Intellia presented four posters at the recent European Society for Gene and Cell Therapy Congress (ESGCT) in Florence, Italy. The data presentations included an update on the Company’s in vivo delivery and DNA repair data and new methods for analyzing off-target activity. In its presentation on off-target analysis, Intellia described improved computational methods for readily identifying guide RNAs with zero to few off-target events, an essential step in developing CRISPR/Cas9-based therapeutics.
Third Quarter 2016 Financial Results

As of September 30, 2016, Intellia had $290.6 million in cash and cash equivalents. Net loss for the third quarter 2016 was $7.5 million, compared to $3.0 million in the same period in 2015.

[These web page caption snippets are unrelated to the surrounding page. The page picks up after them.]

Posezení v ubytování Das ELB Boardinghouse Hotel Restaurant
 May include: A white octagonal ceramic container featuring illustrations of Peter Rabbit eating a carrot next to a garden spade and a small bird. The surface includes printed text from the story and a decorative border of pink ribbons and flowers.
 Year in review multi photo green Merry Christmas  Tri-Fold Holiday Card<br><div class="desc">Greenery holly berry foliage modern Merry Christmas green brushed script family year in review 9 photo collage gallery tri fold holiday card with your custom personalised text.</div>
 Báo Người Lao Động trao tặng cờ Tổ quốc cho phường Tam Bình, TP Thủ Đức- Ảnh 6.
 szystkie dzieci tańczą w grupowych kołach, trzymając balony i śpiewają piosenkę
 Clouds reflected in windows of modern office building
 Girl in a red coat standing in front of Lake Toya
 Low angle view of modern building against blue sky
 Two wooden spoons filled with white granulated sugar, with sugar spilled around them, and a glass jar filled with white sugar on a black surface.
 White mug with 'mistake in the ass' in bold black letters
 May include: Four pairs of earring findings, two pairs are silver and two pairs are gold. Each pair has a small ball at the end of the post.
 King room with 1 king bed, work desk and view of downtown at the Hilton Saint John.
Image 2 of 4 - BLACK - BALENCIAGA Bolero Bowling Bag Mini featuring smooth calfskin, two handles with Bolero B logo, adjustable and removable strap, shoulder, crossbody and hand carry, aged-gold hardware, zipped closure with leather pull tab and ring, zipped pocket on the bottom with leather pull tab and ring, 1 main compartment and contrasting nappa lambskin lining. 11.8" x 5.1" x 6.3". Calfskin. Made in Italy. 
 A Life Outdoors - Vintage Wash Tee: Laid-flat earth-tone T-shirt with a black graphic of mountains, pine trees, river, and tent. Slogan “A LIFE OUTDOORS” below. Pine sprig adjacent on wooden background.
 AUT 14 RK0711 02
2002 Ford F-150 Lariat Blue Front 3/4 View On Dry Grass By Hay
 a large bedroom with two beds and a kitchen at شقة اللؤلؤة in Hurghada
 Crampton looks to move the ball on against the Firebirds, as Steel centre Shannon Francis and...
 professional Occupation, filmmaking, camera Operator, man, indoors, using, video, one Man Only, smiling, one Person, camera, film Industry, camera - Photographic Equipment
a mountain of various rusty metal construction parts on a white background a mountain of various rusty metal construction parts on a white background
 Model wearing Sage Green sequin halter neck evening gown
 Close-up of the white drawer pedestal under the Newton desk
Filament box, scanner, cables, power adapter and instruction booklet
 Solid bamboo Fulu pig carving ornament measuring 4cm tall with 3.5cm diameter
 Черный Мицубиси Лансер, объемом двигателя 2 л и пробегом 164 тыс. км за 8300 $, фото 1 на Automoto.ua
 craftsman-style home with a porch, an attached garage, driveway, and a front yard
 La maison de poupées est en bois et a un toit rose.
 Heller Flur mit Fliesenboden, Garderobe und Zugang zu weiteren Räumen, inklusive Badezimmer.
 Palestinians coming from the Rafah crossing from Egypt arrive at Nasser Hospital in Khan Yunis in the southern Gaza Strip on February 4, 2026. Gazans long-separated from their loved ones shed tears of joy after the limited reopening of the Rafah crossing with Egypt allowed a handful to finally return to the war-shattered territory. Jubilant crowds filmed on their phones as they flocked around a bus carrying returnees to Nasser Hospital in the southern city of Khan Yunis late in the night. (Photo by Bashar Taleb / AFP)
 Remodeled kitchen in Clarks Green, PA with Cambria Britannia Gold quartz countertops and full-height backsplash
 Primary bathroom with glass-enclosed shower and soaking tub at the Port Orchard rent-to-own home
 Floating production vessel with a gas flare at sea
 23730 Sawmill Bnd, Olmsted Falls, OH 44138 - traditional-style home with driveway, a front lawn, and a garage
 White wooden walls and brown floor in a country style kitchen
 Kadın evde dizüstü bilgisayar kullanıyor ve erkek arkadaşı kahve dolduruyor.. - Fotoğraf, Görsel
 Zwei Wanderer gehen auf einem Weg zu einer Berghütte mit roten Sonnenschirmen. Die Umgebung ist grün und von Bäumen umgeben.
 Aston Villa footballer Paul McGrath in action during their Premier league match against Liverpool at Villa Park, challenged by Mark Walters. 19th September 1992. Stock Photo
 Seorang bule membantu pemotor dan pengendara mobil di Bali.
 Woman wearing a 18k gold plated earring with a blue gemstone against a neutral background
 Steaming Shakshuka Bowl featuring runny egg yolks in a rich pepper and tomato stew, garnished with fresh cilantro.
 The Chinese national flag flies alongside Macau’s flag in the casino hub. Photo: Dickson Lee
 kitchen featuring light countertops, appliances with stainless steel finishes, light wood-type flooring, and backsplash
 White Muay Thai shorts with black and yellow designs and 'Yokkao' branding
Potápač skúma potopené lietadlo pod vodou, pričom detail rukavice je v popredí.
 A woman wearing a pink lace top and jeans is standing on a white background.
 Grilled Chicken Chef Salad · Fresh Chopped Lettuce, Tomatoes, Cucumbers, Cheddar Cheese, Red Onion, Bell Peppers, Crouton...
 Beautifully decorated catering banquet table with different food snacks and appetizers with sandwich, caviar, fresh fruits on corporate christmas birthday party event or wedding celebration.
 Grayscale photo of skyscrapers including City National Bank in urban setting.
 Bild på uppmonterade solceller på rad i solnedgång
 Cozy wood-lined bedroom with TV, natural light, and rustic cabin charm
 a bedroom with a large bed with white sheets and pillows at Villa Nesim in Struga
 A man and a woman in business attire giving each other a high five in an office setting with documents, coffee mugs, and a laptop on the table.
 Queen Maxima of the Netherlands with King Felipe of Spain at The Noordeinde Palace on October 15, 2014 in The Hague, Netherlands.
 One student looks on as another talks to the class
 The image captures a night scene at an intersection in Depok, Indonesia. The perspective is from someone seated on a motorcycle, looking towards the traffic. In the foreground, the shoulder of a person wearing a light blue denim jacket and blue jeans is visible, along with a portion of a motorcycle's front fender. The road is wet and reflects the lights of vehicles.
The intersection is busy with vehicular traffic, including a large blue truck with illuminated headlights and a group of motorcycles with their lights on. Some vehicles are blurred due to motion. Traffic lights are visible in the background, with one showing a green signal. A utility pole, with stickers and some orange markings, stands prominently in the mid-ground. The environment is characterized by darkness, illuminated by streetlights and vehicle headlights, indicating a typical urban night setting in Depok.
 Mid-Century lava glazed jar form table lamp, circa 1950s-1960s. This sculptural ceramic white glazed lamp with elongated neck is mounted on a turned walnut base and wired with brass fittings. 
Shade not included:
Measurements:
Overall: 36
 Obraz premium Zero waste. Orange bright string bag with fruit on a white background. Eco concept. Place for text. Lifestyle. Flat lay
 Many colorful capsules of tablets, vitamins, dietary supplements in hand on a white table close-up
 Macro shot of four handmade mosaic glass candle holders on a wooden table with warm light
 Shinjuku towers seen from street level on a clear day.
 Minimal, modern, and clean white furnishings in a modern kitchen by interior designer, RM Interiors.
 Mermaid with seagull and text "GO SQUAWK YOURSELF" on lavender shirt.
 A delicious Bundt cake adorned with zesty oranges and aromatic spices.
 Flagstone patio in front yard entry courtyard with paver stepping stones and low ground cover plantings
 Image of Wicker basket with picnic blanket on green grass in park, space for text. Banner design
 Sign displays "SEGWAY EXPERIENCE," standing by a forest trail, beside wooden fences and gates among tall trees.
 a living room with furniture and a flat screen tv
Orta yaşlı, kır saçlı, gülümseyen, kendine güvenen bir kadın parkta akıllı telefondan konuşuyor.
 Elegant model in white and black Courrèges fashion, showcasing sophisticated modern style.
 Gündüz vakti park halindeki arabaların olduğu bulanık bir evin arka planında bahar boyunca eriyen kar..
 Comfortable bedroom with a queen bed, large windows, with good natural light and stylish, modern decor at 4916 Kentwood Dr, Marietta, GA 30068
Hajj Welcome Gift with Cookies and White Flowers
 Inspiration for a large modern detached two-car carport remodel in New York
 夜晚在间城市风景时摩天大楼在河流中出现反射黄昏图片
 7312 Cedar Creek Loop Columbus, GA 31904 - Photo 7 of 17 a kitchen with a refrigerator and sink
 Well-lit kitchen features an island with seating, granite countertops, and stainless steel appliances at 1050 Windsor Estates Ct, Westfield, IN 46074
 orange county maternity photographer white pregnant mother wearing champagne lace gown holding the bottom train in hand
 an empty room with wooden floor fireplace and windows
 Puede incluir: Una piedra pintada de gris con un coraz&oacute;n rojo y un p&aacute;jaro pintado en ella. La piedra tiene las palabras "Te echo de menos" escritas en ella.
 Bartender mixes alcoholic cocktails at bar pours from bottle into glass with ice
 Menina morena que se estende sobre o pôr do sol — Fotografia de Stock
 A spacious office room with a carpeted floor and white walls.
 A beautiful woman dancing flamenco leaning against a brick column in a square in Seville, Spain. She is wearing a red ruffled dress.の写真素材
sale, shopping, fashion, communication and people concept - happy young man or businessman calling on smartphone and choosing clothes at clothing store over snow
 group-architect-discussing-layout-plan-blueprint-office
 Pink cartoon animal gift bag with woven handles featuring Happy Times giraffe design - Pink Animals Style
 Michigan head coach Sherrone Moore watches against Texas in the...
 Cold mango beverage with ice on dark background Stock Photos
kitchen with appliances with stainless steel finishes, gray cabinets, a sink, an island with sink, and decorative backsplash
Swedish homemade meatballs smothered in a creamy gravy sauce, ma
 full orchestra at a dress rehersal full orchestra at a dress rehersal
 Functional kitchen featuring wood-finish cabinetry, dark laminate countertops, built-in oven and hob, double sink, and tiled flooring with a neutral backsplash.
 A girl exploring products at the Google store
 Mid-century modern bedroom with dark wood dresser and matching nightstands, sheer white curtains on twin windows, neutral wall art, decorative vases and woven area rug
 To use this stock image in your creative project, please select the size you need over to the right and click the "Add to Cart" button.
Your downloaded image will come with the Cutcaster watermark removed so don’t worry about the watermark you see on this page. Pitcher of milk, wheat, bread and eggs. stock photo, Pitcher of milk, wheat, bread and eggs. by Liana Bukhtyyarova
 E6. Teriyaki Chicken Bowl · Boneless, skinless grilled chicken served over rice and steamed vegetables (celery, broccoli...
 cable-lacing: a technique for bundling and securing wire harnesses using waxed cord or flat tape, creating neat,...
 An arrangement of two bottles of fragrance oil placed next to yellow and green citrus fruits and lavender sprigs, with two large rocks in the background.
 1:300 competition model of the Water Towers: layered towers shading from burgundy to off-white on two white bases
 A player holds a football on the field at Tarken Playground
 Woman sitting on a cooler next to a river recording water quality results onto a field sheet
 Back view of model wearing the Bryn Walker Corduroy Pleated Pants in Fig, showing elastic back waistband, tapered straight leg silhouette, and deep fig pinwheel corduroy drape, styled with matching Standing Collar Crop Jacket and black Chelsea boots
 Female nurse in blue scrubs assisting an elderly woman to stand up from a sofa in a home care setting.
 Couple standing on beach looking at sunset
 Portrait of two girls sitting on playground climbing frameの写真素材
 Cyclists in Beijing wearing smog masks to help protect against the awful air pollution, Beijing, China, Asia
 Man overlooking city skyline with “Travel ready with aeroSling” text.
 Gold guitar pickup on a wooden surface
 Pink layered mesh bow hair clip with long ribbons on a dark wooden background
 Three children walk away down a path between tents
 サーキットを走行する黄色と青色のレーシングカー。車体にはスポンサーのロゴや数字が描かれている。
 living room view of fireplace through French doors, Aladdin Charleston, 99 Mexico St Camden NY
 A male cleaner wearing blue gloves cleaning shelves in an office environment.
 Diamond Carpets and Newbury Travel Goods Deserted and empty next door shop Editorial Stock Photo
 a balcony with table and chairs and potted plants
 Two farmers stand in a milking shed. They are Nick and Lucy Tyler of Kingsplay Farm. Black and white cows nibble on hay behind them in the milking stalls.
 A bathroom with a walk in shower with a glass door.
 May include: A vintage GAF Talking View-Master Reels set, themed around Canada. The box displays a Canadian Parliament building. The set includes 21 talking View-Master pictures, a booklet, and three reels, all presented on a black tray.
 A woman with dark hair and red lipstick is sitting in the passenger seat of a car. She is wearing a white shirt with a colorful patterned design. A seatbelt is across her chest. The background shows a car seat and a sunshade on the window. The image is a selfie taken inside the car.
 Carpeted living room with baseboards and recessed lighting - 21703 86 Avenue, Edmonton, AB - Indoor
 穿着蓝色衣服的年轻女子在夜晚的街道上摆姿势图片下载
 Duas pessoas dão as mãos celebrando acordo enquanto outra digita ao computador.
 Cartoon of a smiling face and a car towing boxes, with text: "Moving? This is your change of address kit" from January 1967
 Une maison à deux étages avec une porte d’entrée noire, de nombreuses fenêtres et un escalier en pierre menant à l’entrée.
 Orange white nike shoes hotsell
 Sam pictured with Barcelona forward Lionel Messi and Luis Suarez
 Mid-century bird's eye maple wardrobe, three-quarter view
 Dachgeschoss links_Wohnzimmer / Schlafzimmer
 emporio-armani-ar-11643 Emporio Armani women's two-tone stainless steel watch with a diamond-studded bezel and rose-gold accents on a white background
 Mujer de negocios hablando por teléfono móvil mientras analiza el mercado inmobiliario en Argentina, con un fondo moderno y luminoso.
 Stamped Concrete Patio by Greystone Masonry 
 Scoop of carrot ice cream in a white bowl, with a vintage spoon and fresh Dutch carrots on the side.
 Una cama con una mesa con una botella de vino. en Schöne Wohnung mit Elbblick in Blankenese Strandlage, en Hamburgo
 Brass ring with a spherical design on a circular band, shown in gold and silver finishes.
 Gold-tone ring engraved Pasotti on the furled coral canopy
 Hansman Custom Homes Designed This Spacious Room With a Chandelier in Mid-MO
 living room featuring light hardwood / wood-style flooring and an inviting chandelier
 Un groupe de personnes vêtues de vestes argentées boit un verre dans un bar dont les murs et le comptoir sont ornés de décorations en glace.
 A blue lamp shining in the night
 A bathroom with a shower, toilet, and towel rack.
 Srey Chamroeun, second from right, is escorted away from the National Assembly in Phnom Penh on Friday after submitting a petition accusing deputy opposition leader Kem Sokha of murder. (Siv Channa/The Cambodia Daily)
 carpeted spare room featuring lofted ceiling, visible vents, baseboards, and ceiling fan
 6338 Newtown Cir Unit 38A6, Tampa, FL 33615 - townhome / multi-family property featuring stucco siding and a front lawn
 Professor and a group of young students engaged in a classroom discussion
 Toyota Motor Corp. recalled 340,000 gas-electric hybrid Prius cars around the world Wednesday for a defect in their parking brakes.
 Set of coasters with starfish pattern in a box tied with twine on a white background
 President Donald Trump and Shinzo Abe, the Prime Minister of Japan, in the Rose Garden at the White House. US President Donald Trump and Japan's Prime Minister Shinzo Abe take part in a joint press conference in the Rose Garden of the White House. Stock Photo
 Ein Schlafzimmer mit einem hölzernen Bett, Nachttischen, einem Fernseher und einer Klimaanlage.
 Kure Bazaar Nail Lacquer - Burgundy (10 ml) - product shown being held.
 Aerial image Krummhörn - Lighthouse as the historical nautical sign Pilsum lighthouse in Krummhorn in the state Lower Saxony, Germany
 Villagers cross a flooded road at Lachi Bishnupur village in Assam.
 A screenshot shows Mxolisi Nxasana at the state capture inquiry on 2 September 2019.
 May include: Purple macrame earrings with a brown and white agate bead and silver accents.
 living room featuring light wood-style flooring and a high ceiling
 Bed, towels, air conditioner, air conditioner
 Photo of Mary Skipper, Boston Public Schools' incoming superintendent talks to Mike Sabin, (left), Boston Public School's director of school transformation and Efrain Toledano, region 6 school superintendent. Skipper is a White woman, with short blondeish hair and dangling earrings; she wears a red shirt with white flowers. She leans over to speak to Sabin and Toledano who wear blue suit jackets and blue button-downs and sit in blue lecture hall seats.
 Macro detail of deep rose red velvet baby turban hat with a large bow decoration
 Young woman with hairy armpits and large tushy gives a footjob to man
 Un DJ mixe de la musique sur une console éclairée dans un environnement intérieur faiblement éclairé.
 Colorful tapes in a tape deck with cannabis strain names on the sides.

Collaboration revenue was $4.9 million in the third quarter 2016, compared to $1.7 million in the same period of 2015. For the Novartis collaboration, Intellia recognized $2.0 million and $1.7 million in the third quarters of 2016 and 2015, respectively. The Regeneron collaboration, announced in April 2016, for which the Company recognized $2.9 million in the third quarter of 2016, was the primary driver of the increase in collaboration revenue.

Research and development expenses in the third quarter 2016 were $7.9 million, compared to $3.5 million in the same period in 2015. This increase in expenses is primarily attributable to accelerating the development of our CRISPR/Cas9 platform and advancing our sentinel indications. These expenses include compensation and benefits for employees, including equity-based compensation, and expansion of Intellia’s facilities and laboratories.

General and administrative expenses were $4.7 million in the third quarter of 2016, compared to $1.5 million for the same period in 2015. The increase in general and administrative expenses is primarily driven by expenses to support the Company’s overall growth and costs associated with being a publicly traded company.

Upcoming Events

Intellia will present at the Fortune Brainstorm Health 2016 Conference in San Diego on November 2, 2016, the Credit Suisse Healthcare Conference in Arizona on November 7, 2016, and the Jefferies 2016 Healthcare Conference in London on November 16, 2016.